Last week’s second consecutive 50-BPS rate reduction is expected to continue that momentum, though condo prices are expected to take longer to recover due to a glut of product on the market as investors continue to feel financial pressure due to lower rents.

“In Ontario, the GTA condo market continues to be plagued by too much supply relative to demand, and prices are likely to continue falling into next year,” Sondhi wrote. “However, this condo market weakness should make it easier for more expensive types of housing, like detached units, to outperform, delivering some offsetting upside for average prices.”

With all of this happening amid a shortage of housing supply, the implications on the development industry are also critical. Royal LePage’s Soper expects activity here to also pick up.

“We believe the return of buyers to the market will encourage builders and trigger a wave of new supply, which is very much needed,” he said in the post.

Higher housing inventories

Other forecasters agree activity will remain elevated, helping clear out existing housing inventory.

“Next year, Canadians can anticipate a lively spring market kicking off as early as March,” Lauren Haw, broker of record and industry relations officer at online brokerage Zoocasa, said in a 2025 outlook post.

The Canadian Real Estate Association, in its December housing report, suggests the traditionally slow winter housing market could remain robust. Sales have returned to the historical 10-year moving monthly average, and are up almost 20 per cent on a monthly basis from the lows last spring.

“Not only were sales up again, but with market conditions now starting to tighten up, November also saw prices move materially higher at the national level for the first time in almost a year and a half,” Shaun Cathcart, CREA’s senior economist, said in the report. “Normally we might expect this market rebound to take a pause before resuming in the spring; however, the Bank of Canada's latest 50-basis point cut together with a loosening of mortgage rules could mean a more active winter market than normal.”

Zoocasa also suggests some homeowners facing mortgage renewals in 2025 at significantly higher rates could consider downsizing to improve their housing affordability.
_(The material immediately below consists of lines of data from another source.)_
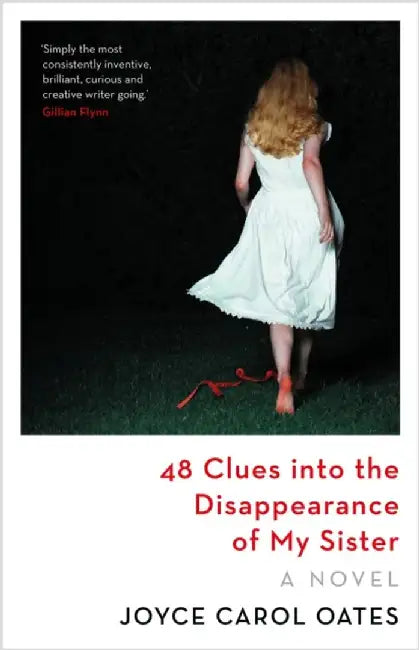48 Clues into the Disappearance of My Sister by Joyce Carol Oates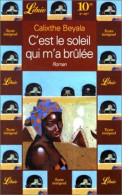 C'Est Le Soleil Qui M'a Brulee (Librio Litterat) - Other & Unclassified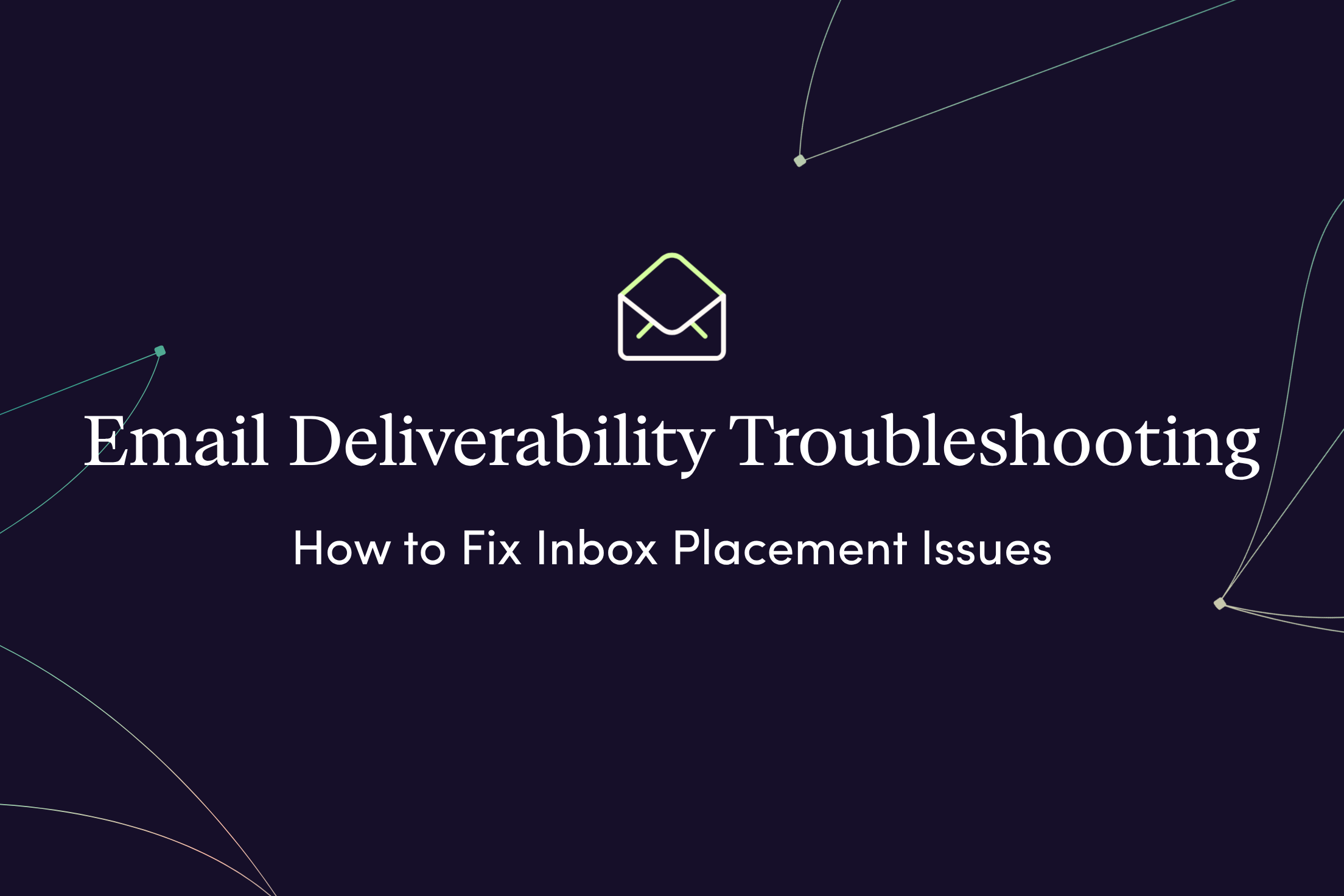 Email Deliverability Troubleshooting: How to Fix Inbox Placement Issues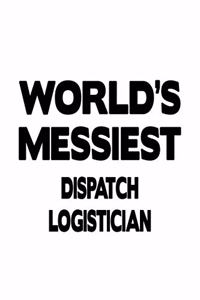 World's Messiest Dispatch Logistician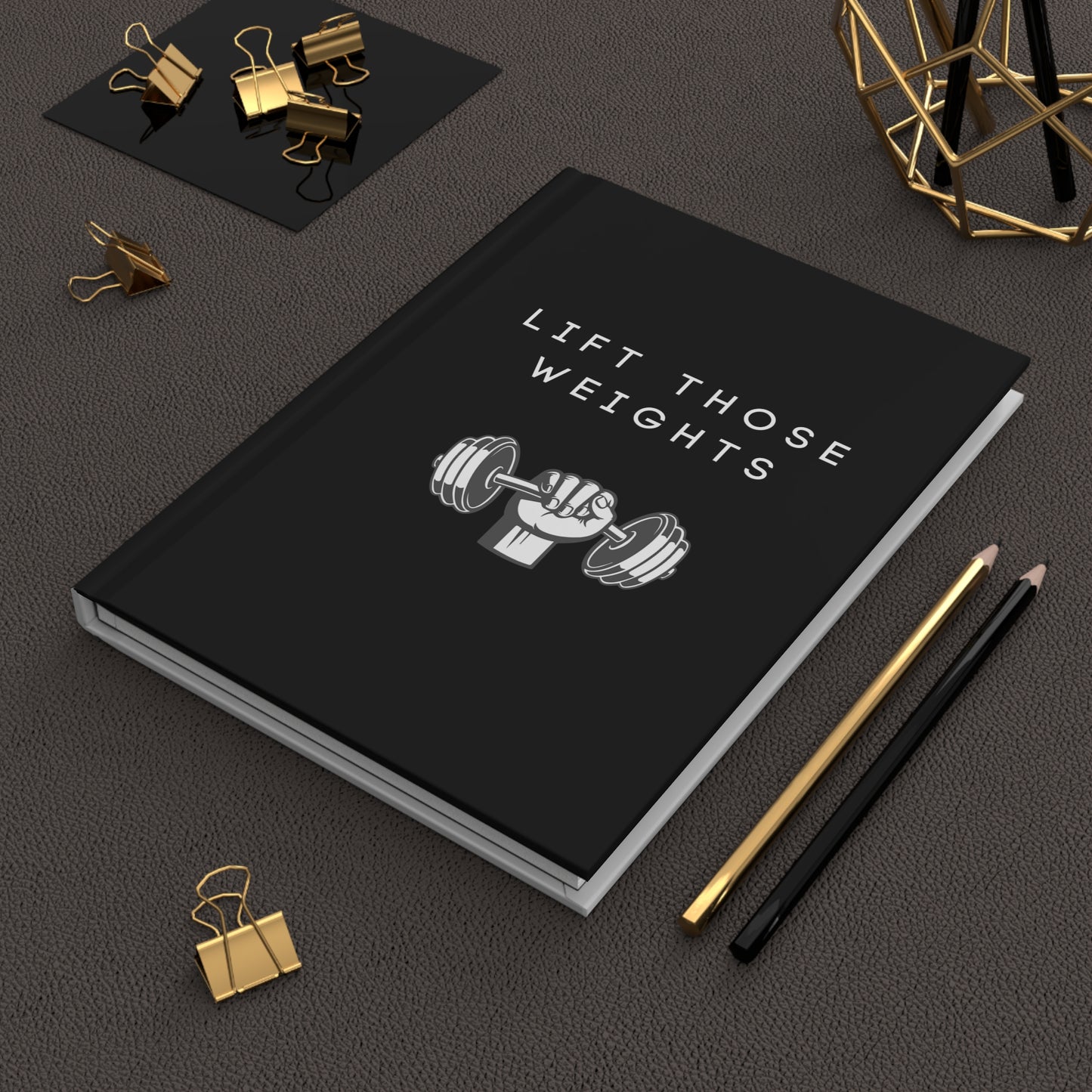 Lift Those Weights Journal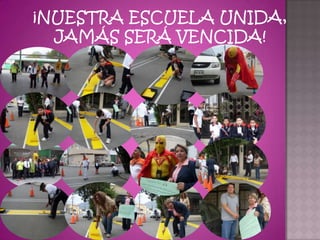 ¡NUESTRA ESCUELA UNIDA,
  JAMÁS SERÁ VENCIDA!
 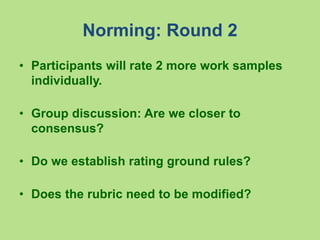 Norming: Round 2
• Participants will rate 2 more work samples
individually.
• Group discussion: Are we closer to
consensus...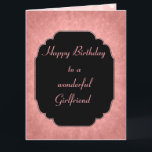 Hübscher, moderner Rosa Happy Birthday Girlfriend Karte<br><div class="desc">Stilvoll und elegant rosa moderne Happy Birthday Girlfriend Design Grußkarte.</div>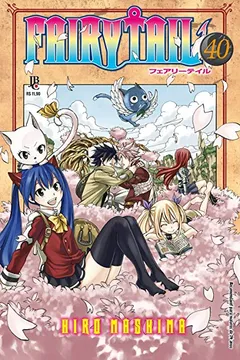 Livro Fairy Tail - Volume - 40 - Resumo, Resenha, PDF, etc.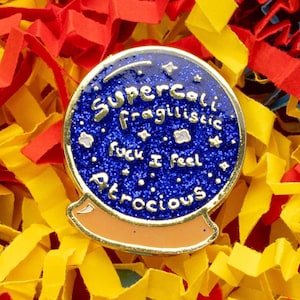I Feel Atrocious Enamel Pin - Funny Spoonie Gift - Chronic Illness Gift - Invisible Illness - Chronic Pain - Mental Health Awareness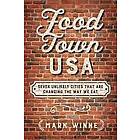 Mark Winne: Food Town, USA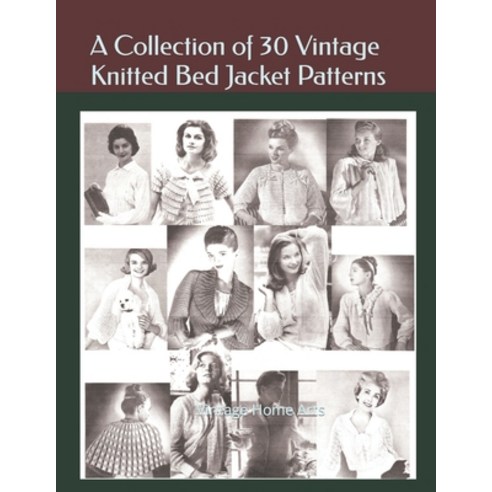 (영문도서) A Collection of 30 Vintage Knitted Bed Jacket Patterns: A Vintage Home Arts Collection Paperback, Independently Published, English, 9798858541196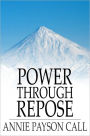 Power Through Repose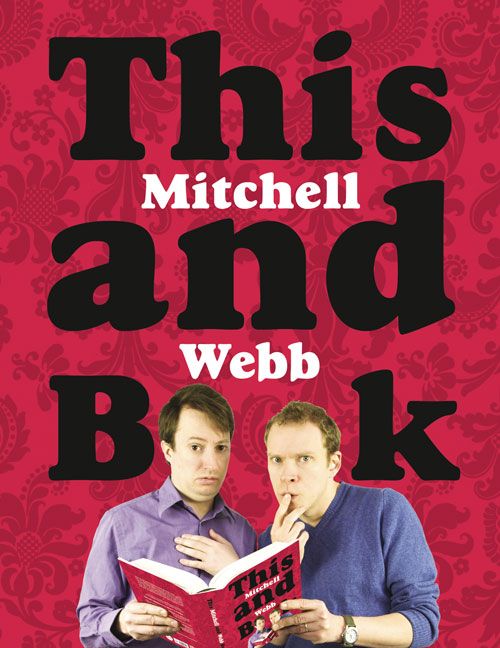 This Mitchell and Webb Book, Contemporary Fiction, Hardback, David Mitchell and Robert Webb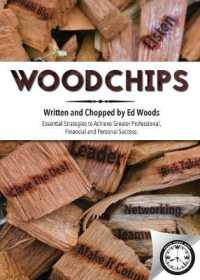 Woodchips: Essential strategies to achieve greater professional, financial and personal success.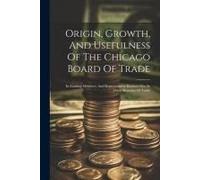 Origin, Growth, And Usefulness Of The Chicago Board Of Trade: Its Leading Members, And Representative Business Men In Other Branches Of Trade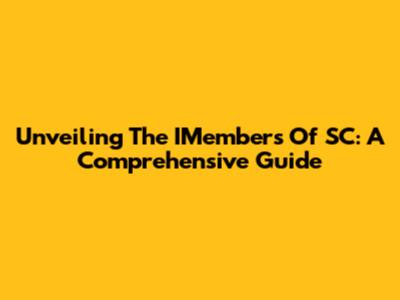 Unveiling The IMembers Of SC: A Comprehensive Guide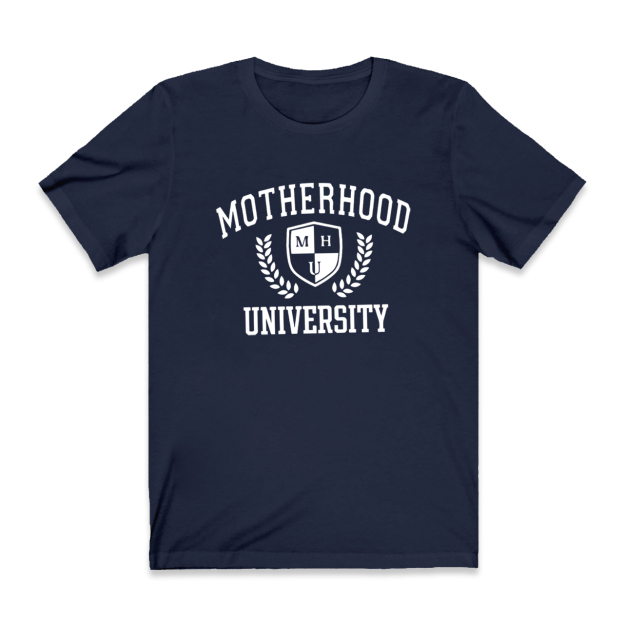 Motherhood University Shirt For Mom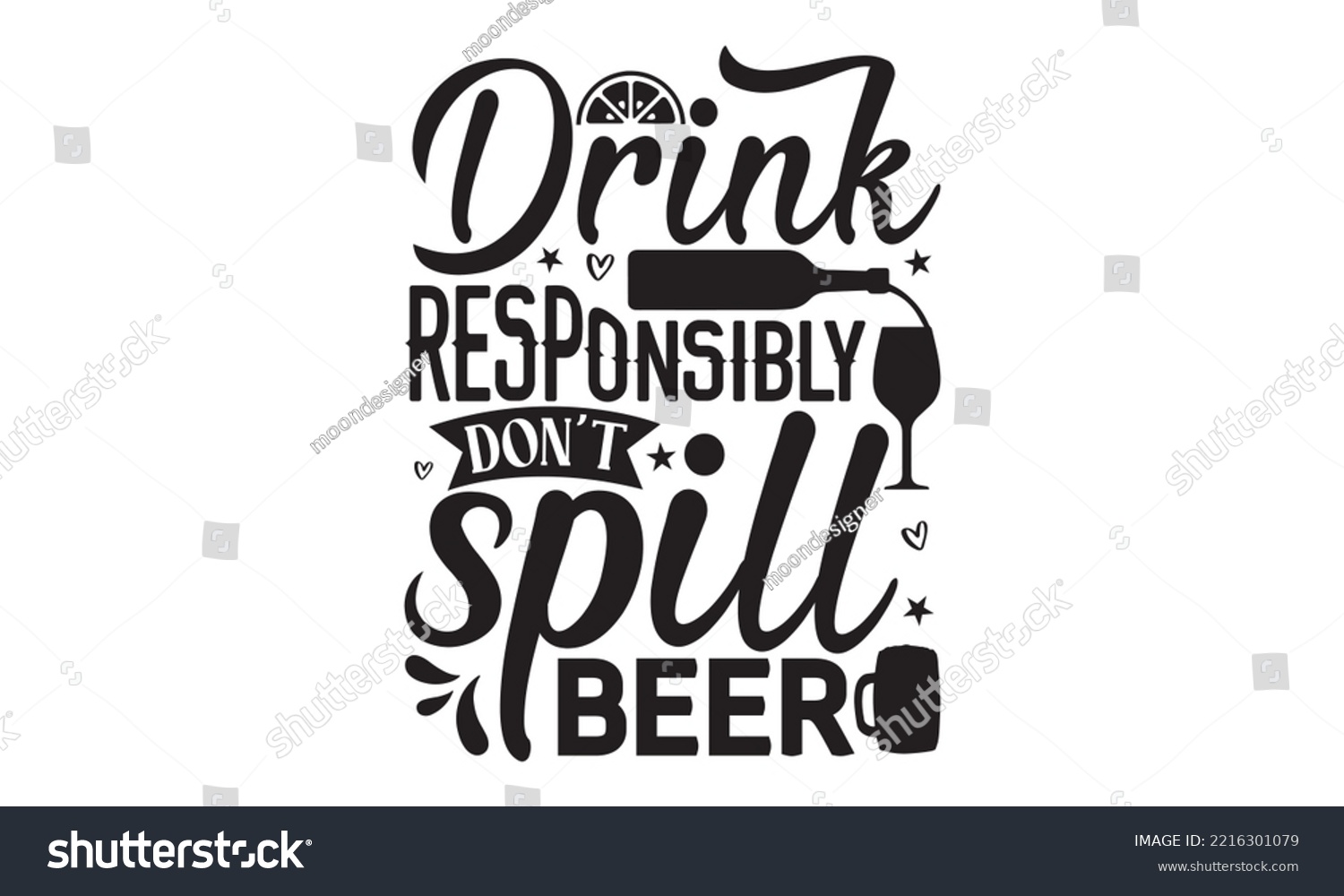 SVG of Drink responsibly don’t spill beer - Alcohol SVG T Shirt design, Girl Beer Design, Prost, Pretzels and Beer, Vector EPS Editable Files, Alcohol funny quotes, Oktoberfest Alcohol SVG design,  EPS 10 svg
This would add additional inventory in a market which has seen growing inventory throughout 2024 - sellers have returned but until the fall few buyers had jumped in.

It also projects a longer recovery for condo sales. A CIBC / Urbanation report cited expenses which have risen almost 60 per cent for investors since 2020, resulting in sales bottoming out.

“Investors will continue to have a lot of supply as multiresidential mortgage renewal rates push many condos and multiplexes underwater,” Haw wrote. “At the same time, the challenges of making land investments financially viable continue to discourage new development.”